Monitoring Pengelolaan Sampah di Desa Dencarik dan Temukus, Satukan Komitmen Menuju Pengelolaan Sampah Mandiri
Buleleng, 15 April 2025 – Pemerintah Kecamatan Banjar bersama Dinas Lingkungan Hidup (DLH) melaksanakan kegiatan monitoring Tempat Pengolahan Sampah Terpadu (TPST) dan TPS3R di dua desa, yakni Desa Dencarik dan Desa Temukus, Kamis (15/4). Kegiatan ini bertujuan untuk mengevaluasi sistem pengelolaan sampah di tingkat desa sekaligus menyampaikan kebijakan baru terkait penutupan open dumping secara nasional.
Monitoring di Desa Dencarik dilaksanakan bersama Kasi Paten, staf Kecamatan, dan DLH, serta diterima langsung oleh Perbekel dan Sekretaris Desa (Sekdes) di ruang perbekel. Desa Dencarik telah memiliki TPST dan menggandeng BUMDes dalam operasionalnya. Terdapat tujuh orang petugas pengelola sampah yang terdiri dari dua supir, dua pengangkut, dan dua pemilah sampah, serta didukung satu armada Viar dan satu mobil Cary.
Namun, keterbatasan jumlah armada menjadi tantangan utama, sehingga pengangkutan sampah yang dilakukan dua kali seminggu belum maksimal. Sampah yang tidak bernilai ekonomis dibuang ke TPA Pangkung Paruk dengan biaya Rp3,5 juta per bulan. Penghasilan para petugas pengangkutan masih bergantung pada iuran masyarakat, sedangkan pemilah sampah menerima gaji tetap sebesar Rp1,5 juta per bulan yang disubsidi Dana Desa.

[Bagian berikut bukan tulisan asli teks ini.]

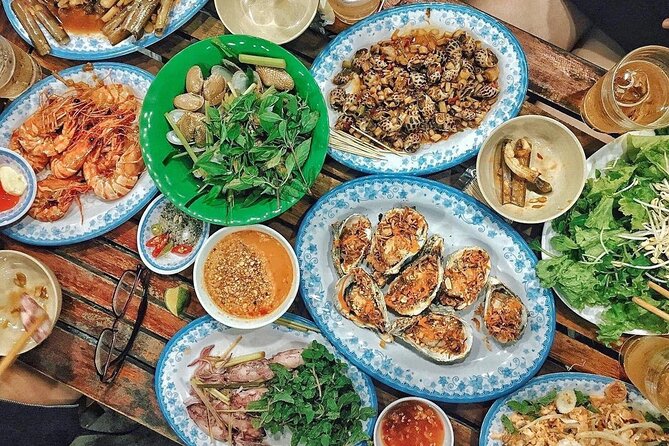 Da Nang By Night: Seafood dinner, night market and cruise trip - Riding through Da Nang after sunset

Pihak desa juga sempat bekerja sama dengan pihak ketiga untuk menjual sampah non-organik, namun kerjasama tersebut terhenti akibat anjloknya harga jual. Saat ini, pungutan sampah ditetapkan sebesar Rp15.000 untuk rumah tangga dan Rp20.000 untuk kios.
Solusi yang Didorong:
Edukasi masyarakat terkait pemilahan sampah dari rumah.
Optimalisasi pengelolaan sampah berbasis sumber sesuai dengan Pergub Bali No. 47 Tahun 2019.
Pemilahan wajib agar sampah yang dikirim ke TPA berupa sampah residu.
Desa harus bersinergi dengan desa adat, BPD, dan kepala dusun untuk mendukung pengelolaan sampah berkelanjutan.
Di Desa Temukus, monitoring diterima langsung oleh Perbekel, Kasi Kesra, dan petugas pengelola sampah. Saat ini, pengangkutan sampah dilakukan dua kali sehari dengan tiga armada (dua Cary bantuan DLH dan PLN, serta satu Viar). Delapan orang petugas pengangkut sampah menerima gaji Rp1,8 juta per bulan.
Anggaran untuk pengelolaan sampah desa tercatat sebesar Rp104.710.000. Desa telah memberlakukan pungutan iuran untuk pengangkutan sampah, yakni Rp15.000 untuk rumah tangga dan Rp20.000 untuk kios/warung. TPS di desa ini dikelola langsung oleh pemerintah desa.
Pemerintah desa berencana membeli sampah plastik dari rumah tangga sebagai upaya mendorong partisipasi masyarakat dalam memilah dan mengumpulkan sampah bernilai ekonomis. Jika Perdes telah disahkan, desa juga akan menjalin kerja sama dengan pihak ketiga dalam pengelolaan sampah non-organik.
Kendala yang Dihadapi:
Proses pembuangan ke TPA Bengkale belum lancar, sehingga sampah masih dibuang ke Pangkung Paruk.
Kurangnya tenaga pemilah sampah, menyebabkan belum ada kegiatan pembuatan pupuk.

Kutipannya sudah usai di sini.